La Gubia

 “Cualquier objeto tiene una relación de forma y espacio, es inconcebible lo uno sin lo otro. La nada es donde no existe esta relación, lo cual no es posible. La forma es el aspecto determinado por el contorno del objeto, pero éste está determinado por el encuentro de esa forma con el espacio”.

Antonio Prats Ventós

 

El primer día que crucé el umbral del taller se ha convertido en una joya preciada, resplandeciendo en el cofre de mis recuerdos. Fue durante una de esas visitas que solía hacer con mi padre a la casa de su hermana, donde el café, el humo y las "pendejadas" se entrelazaban en un ritual familiar. Aquella casa era un reino de maravillas para un niño curioso como yo, un universo lleno de gigantes de madera, olores misteriosos y colores audaces que se derramaban de los cuadros que adornaban cada rincón. Y al final del pasillo, más allá del jardín, se encontraba una puerta siempre cerrada, guardiana de un espacio sagrado, un santuario de secretos que siempre me había intrigado.

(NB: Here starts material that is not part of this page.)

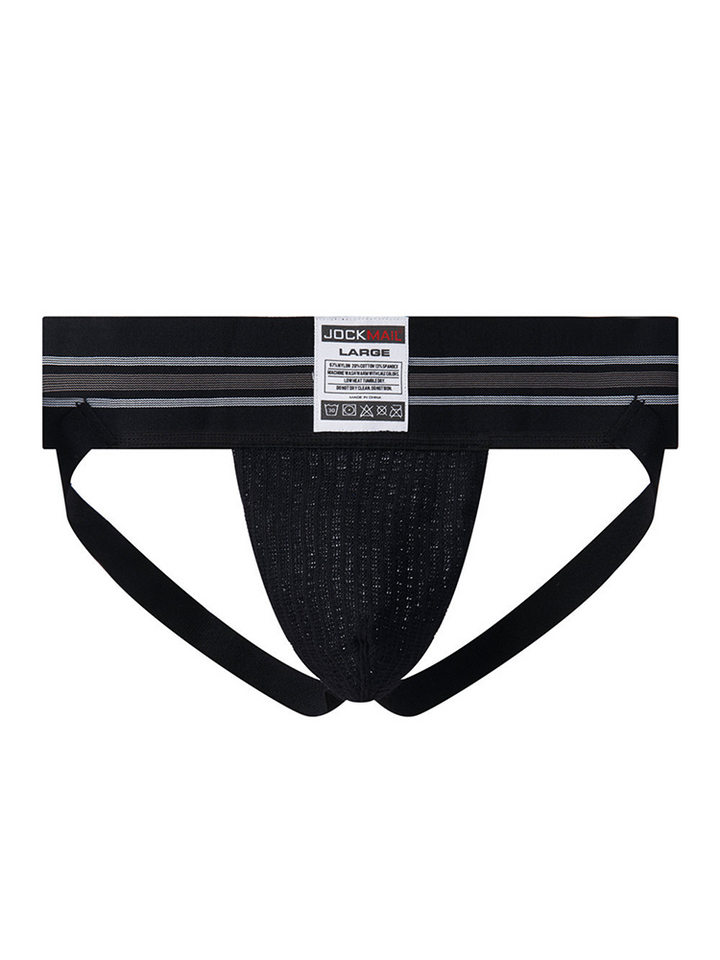 Élargir la ceinture pour hommes Jockstrap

Se levantó de la silla que descansaba bajo la sombra protectora de la mata de cerezas, justo después de dar la última bocanada a su cigarrillo. Sus ojos, magnificados por el cristal grueso de sus gafas, brillaron con una sonrisa silenciosa, un guiño cómplice. Con un gesto sutil de su cabeza, señaló la entrada del estudio, extendiendo su mano hacia mí. Como impulsado por un resorte interno, me levanté de un salto, lanzando una mirada cautelosa a mi tía. Ella me había descubierto recientemente espiando a través de las rendijas de las puertas, que desafiaban el candado que las mantenía firmemente cerradas. "Ahí no se entra ni se juega", me había advertido con una severidad que me hizo retroceder. Pero ahora, la mano del escultor, la mano que daba forma a la madera y al mármol, la mano que insuflaba vida a la piedra, se cerró alrededor de la mía. Y el mundo detrás de esa puerta prohibida se abrió ante mis ojos.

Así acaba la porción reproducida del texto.